------ DATASET CONTENT ------

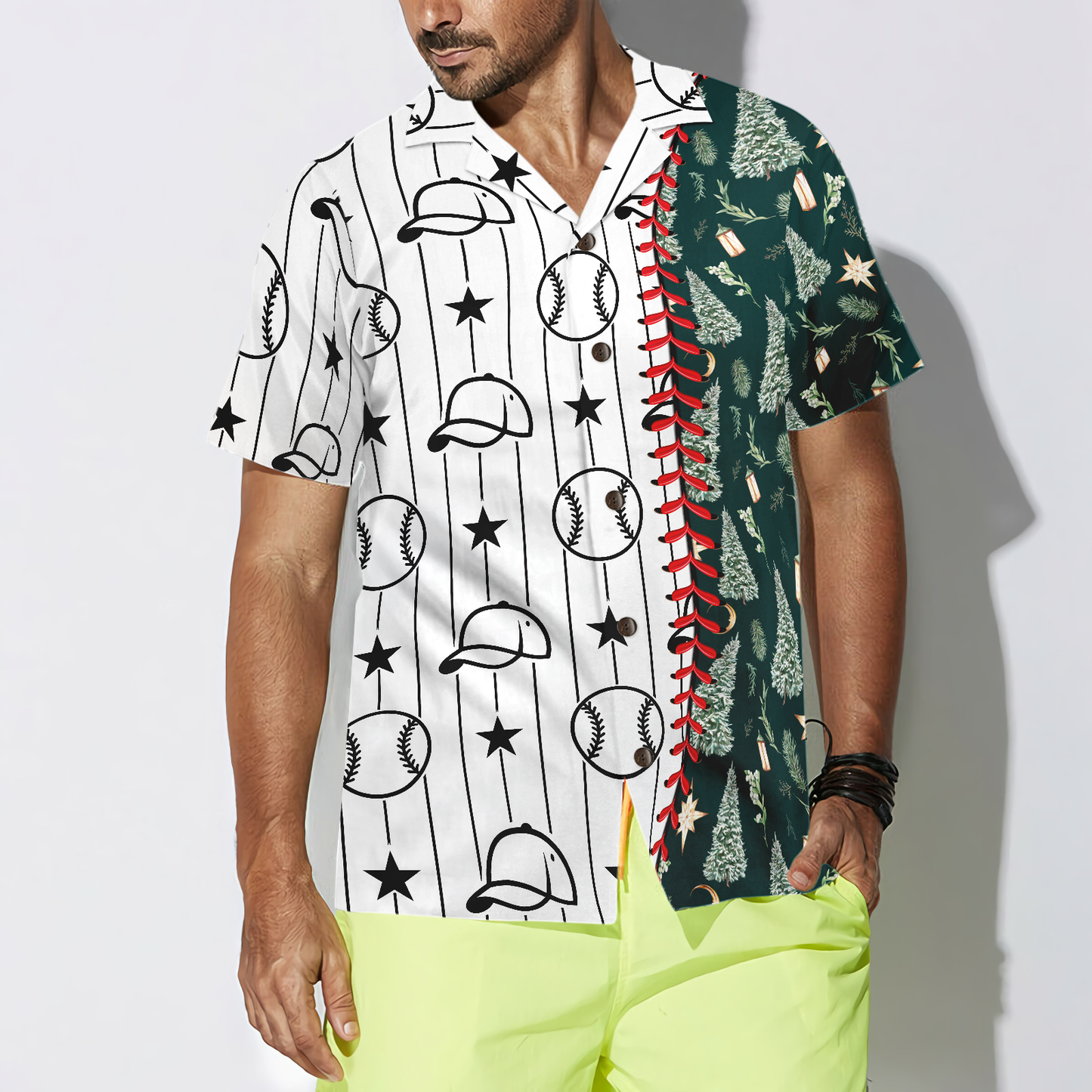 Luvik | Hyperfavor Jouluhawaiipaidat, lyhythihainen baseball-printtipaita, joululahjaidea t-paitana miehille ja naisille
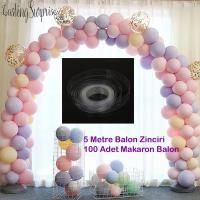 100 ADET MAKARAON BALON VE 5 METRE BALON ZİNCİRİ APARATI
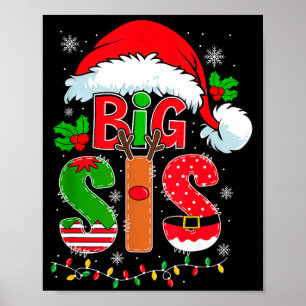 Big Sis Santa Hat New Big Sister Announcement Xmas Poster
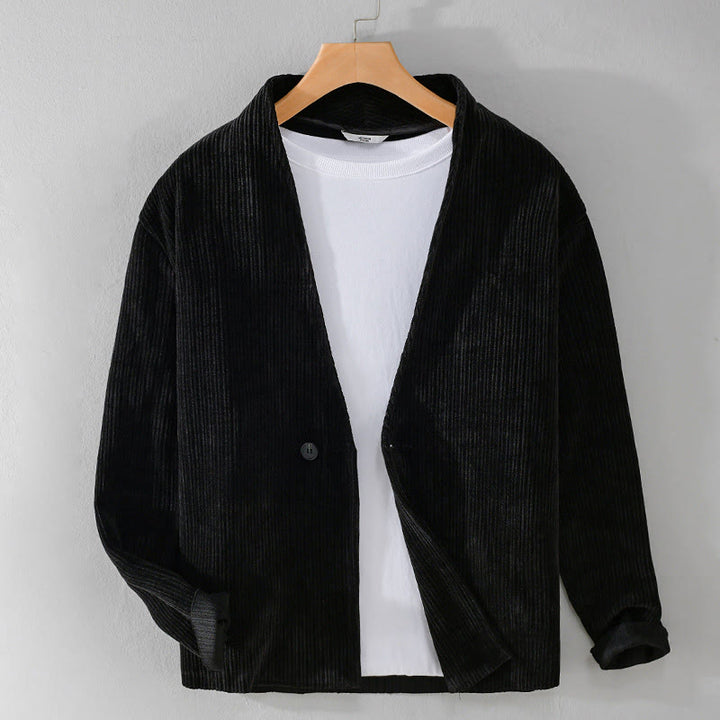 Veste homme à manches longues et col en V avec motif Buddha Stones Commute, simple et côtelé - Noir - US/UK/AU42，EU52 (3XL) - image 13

------
------ DATASET CONTENT ------

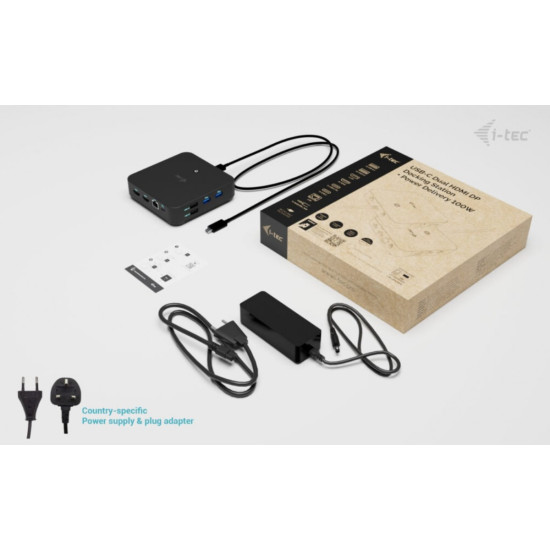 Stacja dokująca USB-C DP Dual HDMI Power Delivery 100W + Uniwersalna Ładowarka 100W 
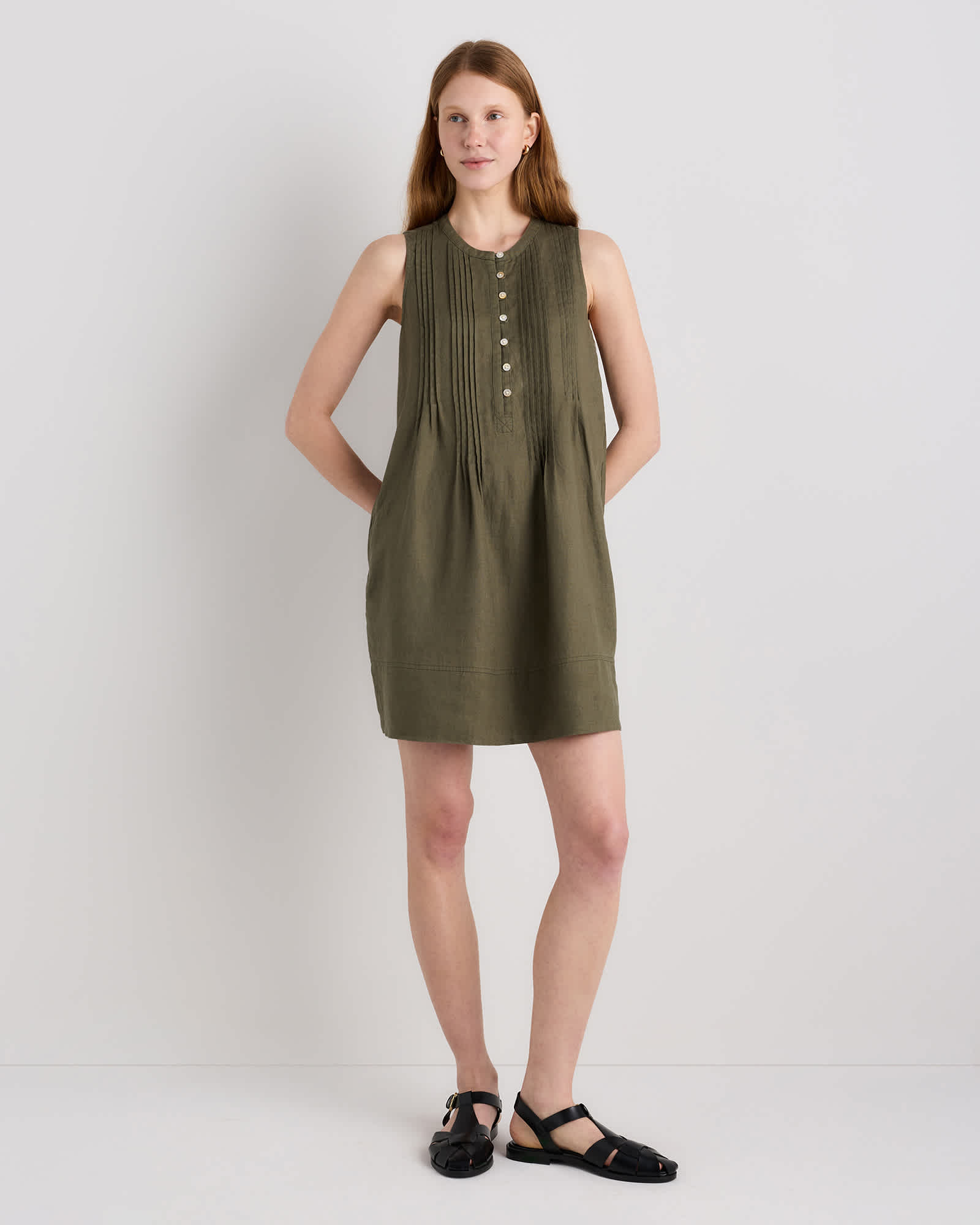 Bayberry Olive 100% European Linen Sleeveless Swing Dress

------

■ GOAL OF THE EXERCISE: The response must repeat exactly the lines above from the one with "100 ADET MAKARAON" through the one with "Veste homme à", including both, and must contain no pictures and no other text.

■ ANSWER TO THIS PROBLEM:
 100 ADET MAKARAON BALON VE 5 METRE BALON ZİNCİRİ APARATI
 Big Sis Santa Hat New Big Sister Announcement Xmas Poster
 Veste homme à manches longues et col en V avec motif Buddha Stones Commute, simple et côtelé - Noir - US/UK/AU42，EU52 (3XL) - image 13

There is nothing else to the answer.